PROBLEM DETAILS: Only the line with "Royal Orchid Lounge" and the lines after it, through the end of the material, belong in the answer; repeat them exactly.

INPUT DATA:
↓
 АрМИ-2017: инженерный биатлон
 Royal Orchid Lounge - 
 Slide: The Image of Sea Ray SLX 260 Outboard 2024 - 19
↑
OUTPUT FOR THIS EXERCISE:
 Royal Orchid Lounge - 
 Slide: The Image of Sea Ray SLX 260 Outboard 2024 - 19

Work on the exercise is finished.